Trente-quatre jours de calvaire pour G. Thodorof, séquestré dans une cave, les yeux bandés et constamment sous somnifères. Ce directeur général adjoint d'une firme d'importation automobile est enlevé à Paris le 4 février 1976. Et une longue attente commence pour ses proches puisque ce n'est que douze jours plus tard que les ravisseurs prennent contact avec son père, Tsatcho Thodorof. Le 17 février, celui-ci dépose à l'endroit convenu la rançon de 10 millions de francs ; elle restera là, intacte. La présence de policiers rend les gangsters prudents. Et c'est de nouveau le silence. Le 9 mars, les ravisseurs adressent d'autres consignes pour le versement de la rançon. Le père de Guy Thodorof s'exécute cette fois en déjouant la surveillance de la police.
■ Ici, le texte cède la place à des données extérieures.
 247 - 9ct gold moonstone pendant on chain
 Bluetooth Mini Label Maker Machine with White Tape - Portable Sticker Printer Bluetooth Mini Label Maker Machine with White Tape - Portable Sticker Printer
Son fils est libéré dans les heures qui suivent. Une affaire menée avec maîtrise, et qui fait songer au style des rapts à l'italienne.

Bitan

Jean Bitan, un riche commerçant en textiles, disparaît le 24 mai 1975. Des contacts téléphoniques ont lieu avec le ravisseur, qui exige 1 500 000 F ; la police décide alors de tendre une souricière, le 12 juillet, au cours de la remise de la rançon. Un individu est arrêté Jean-Pierre Herbet, artisan confectionneur à Gary (Nord). Il est une des relations d'affaires de Jean Bitan. Il avoue avoir monté de toutes pièces un faux rapt. Selon lui, le négociant serait décédé d'une crise cardiaque au cours d'une discussion qu'il aurait eue avec lui dans la rue ; après s'être débarrassé du corps dans la Seine, il aurait eu l'idée de demander une rançon pour renflouer son affaire en difficulté.